U.S. Naivete Could Turn Iran Into Regional Superpower
When Secretary of State John Kerry said Sunday that there might be "ways" Iran could "contribute from the sidelines," "weigh in," or "help the process" in the Syrian peace conference in Montreux, Switzerland, to begin later this month, he apparently thought the mullahs would be flattered.
Predictably, Tehran responded with more contempt of the Great Satan, complaining that "the Islamic Republic of Iran will not accept any proposal which does not respect its dignity."
It is a very old, wise saying that evil begets more evil. Kerry, in signing in blood a pact with the devil seeking to appease Iran out of its nuclear program, seems to think he might as well have the devil check his blood's cholesterol level while he's at it.
Since we're on such smiling terms with Iran in Geneva, why not have Tehran help out with their friends in Syria, Kerry's thinking seems to be.
The New York Times' Tehran correspondent even told us Tuesday that America and Iran "find themselves on the same side of a range of regional issues" as they are "drawn together by their mutual opposition to" common enemies, such as Sunni insurgencies in places like Afghanistan, Iraq, Lebanon, Syria and Yemen.
We'll soon be the best of friends, apparently.
President Obama, whose unfounded self-confidence in his diplomatic acumen dates back to early in his campaign, must now be more full of himself than ever.

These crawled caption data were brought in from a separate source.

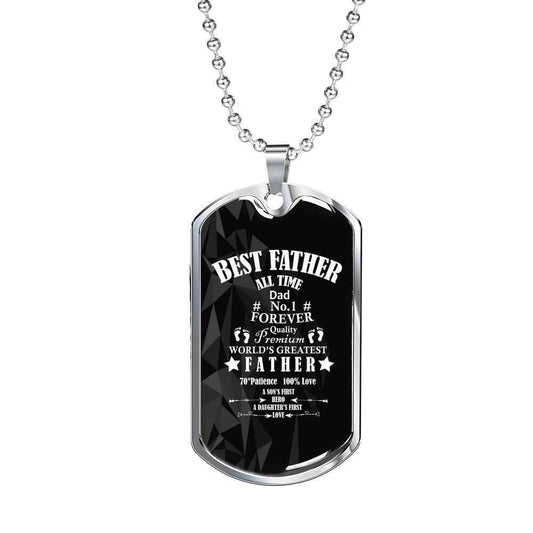 Dad Dog Tag Custom Picture Father’S Day, Best Father All Time Dog Tag Necklace Gift For Men Father's Day Rakva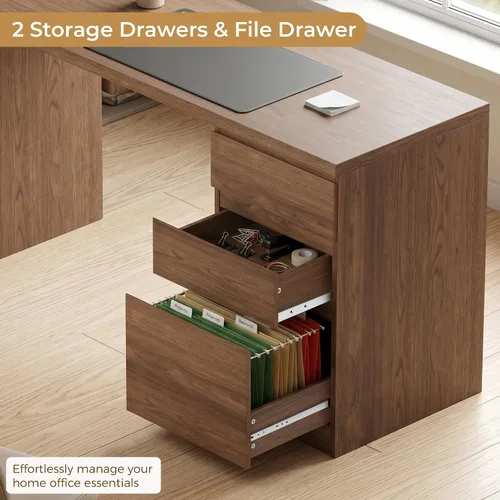 Miniatura 5 de FUNKOCO Escritorio blanco para computadora con 3 cajones, escritorio de madera para oficina en casa de 53 pulgadas con cajón de archivos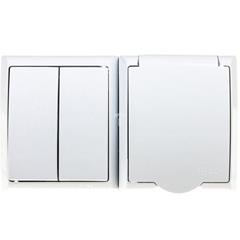 FALA Łącznik hermetyczny świecznikowy + gniazdo hermetyczne pojedyncze z/u z klapką biały ZH-Ł2G/00/w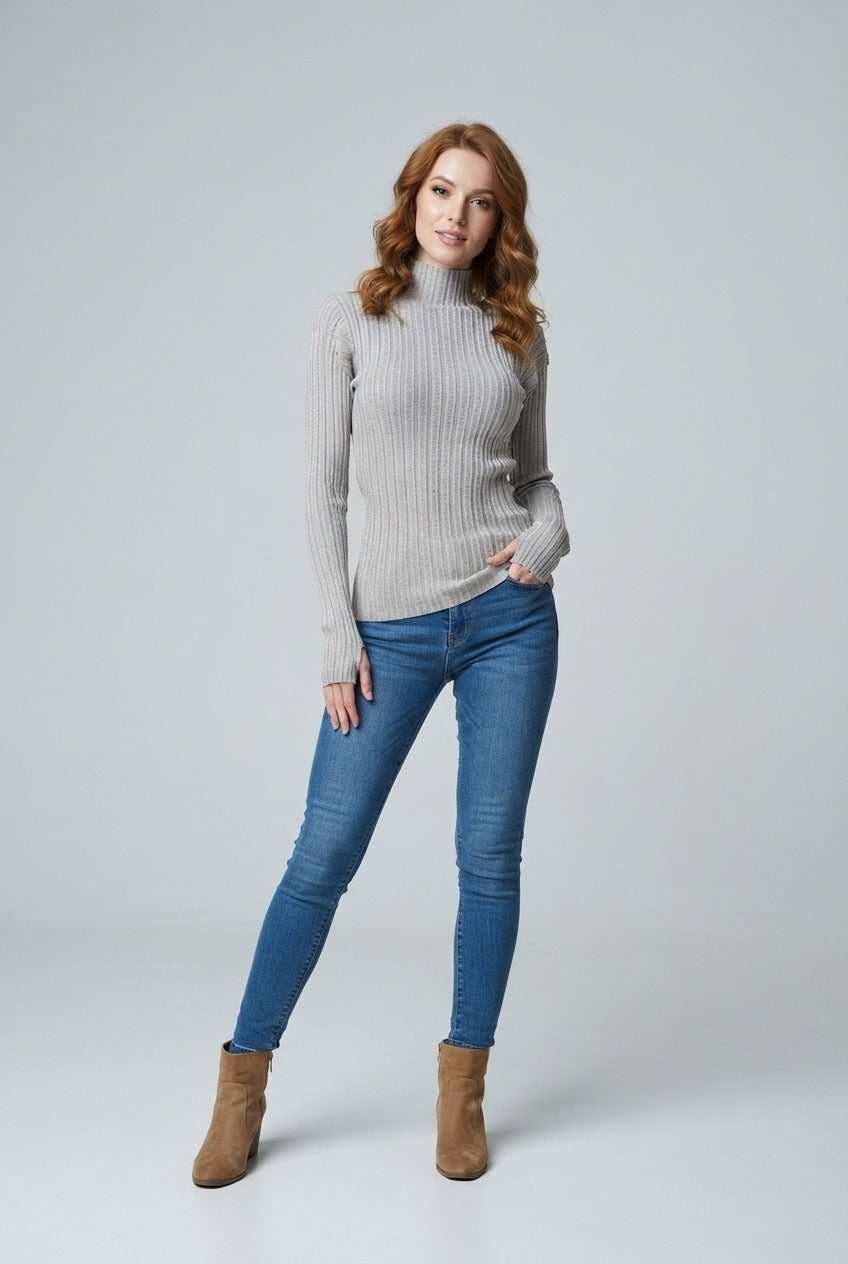 Turtleneck Knit Basic Sweater
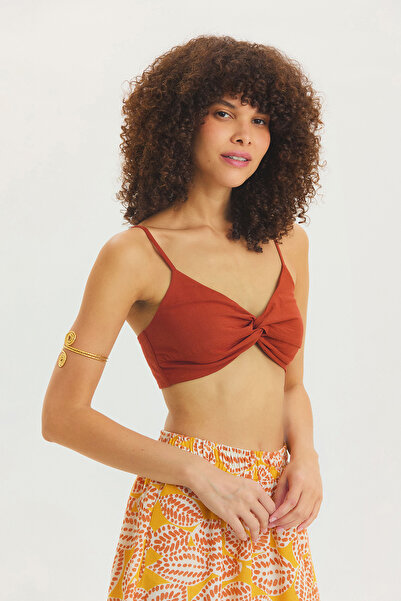 Clandestino Пряма блузка з підтяжками та спинкою Gipeli, однотонна, цегляного кольору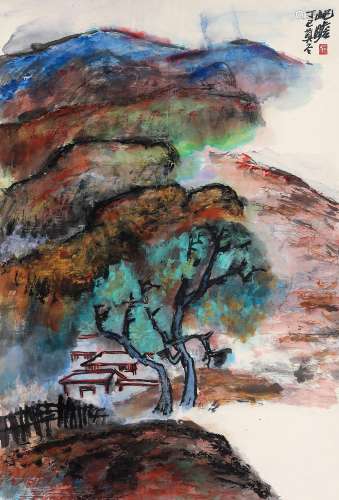 朱屺瞻（1892～1996） 红山绿树 立轴 设色纸本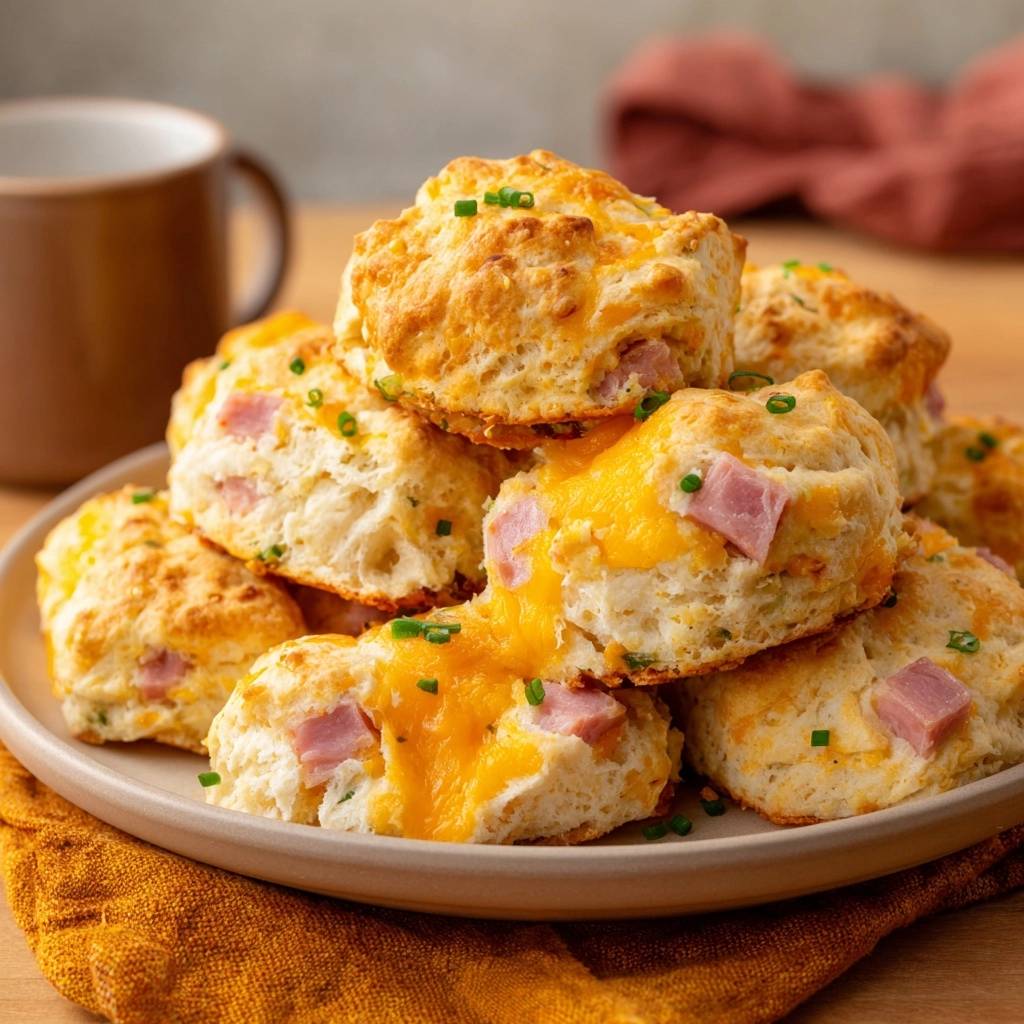 Fluffige Pute-Käse-Scones, gestapelt auf einem Teller, mit geschmolzenem Käse und frischem Schnittlauch garniert.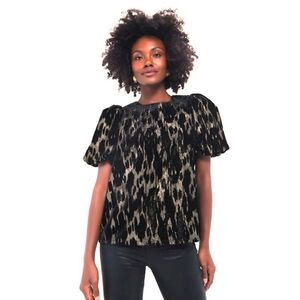 Tuckernuck Pomander Place Black Velvet Gold Burnout Lyla Blouse Top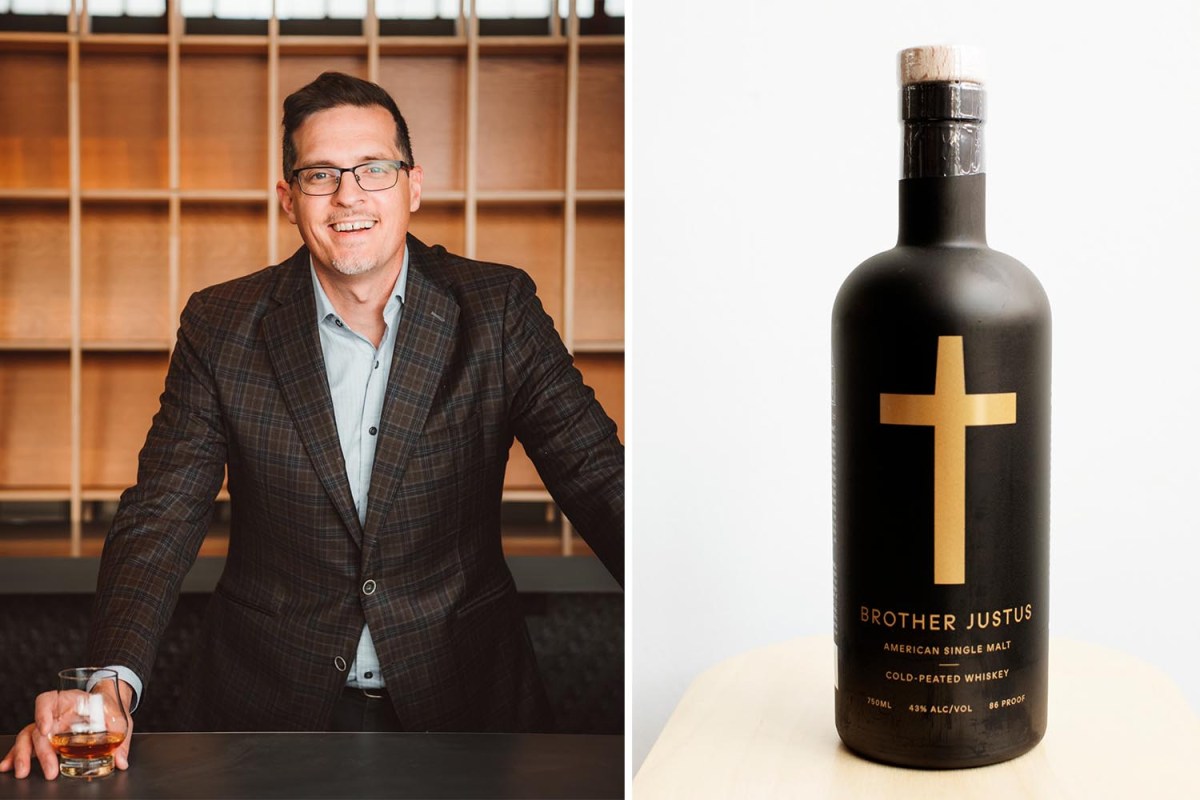 Brother Justus founder Phil Steger; a bottle of Brother Justus Cold-Peated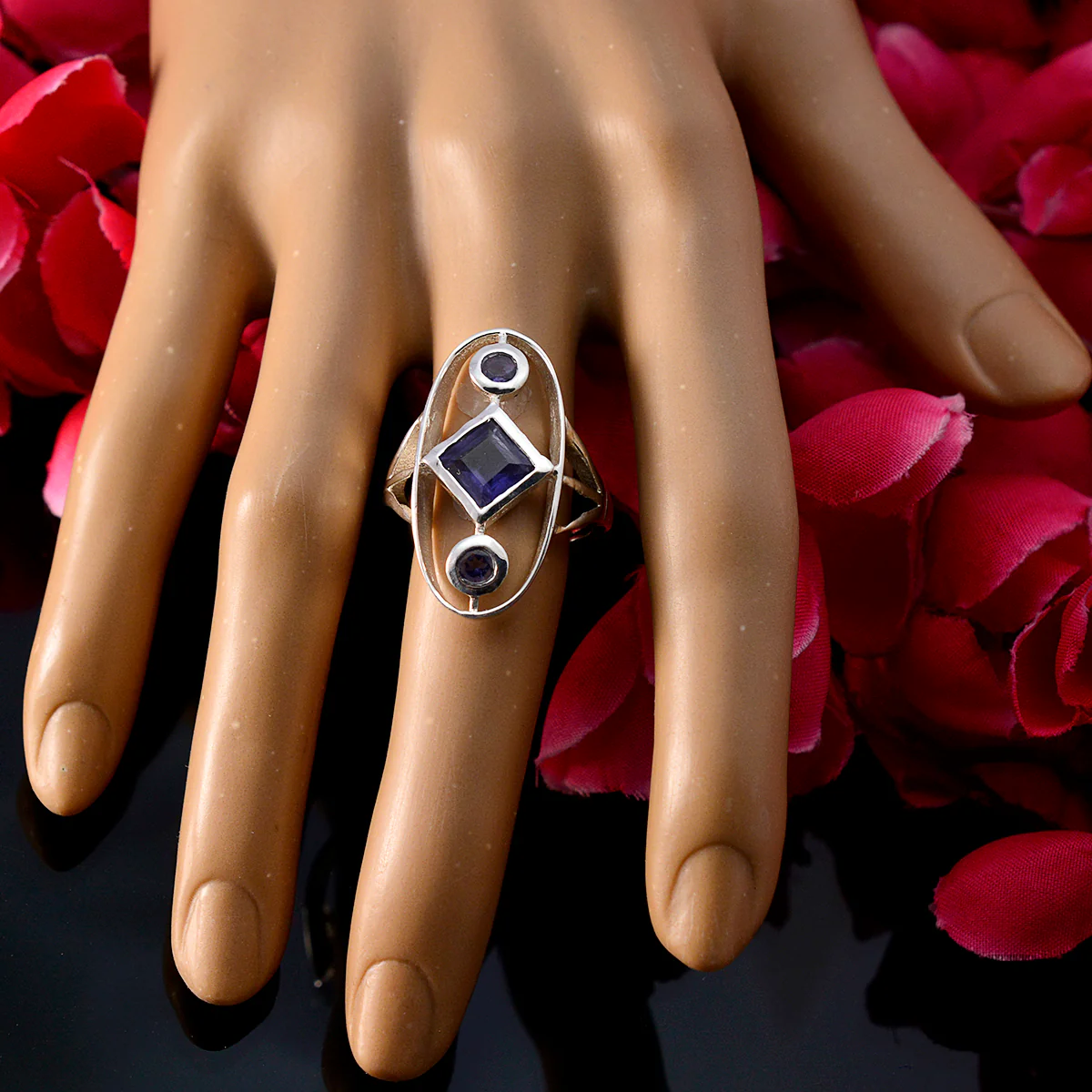 Iolite Trilogy Indian 925 Sterling Silver Blue Gems Slim Fairytale Ring Jewelry - Image 5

The Iran nuclear problem is not only proving easy as pie; they'll be helping us with other Mideast problems that until the Obama era were insurmountable.
If it all seems too good to be true, that's because it's far worse than you think.
In grousing that Kerry's suggestion "does not respect its dignity," the Iranians are upping the ante. We won't "contribute from the sidelines" like some second-rate power, they're telling Kerry and Obama; but if you invite us to become the player on the Syrian negotiations, we might very well be happy to help ourselves to that.
The devious and globally ambitious Russian ruler Vladimir Putin was the one who, at Kerry's suggestion, got the Syria negotiations going. And Russia over many years, after all, built Iran's nuclear program.
It would be an exercise in black comedy to wonder who is more eager to reduce the influence and prestige of the world's lone superpower: Moscow or Tehran?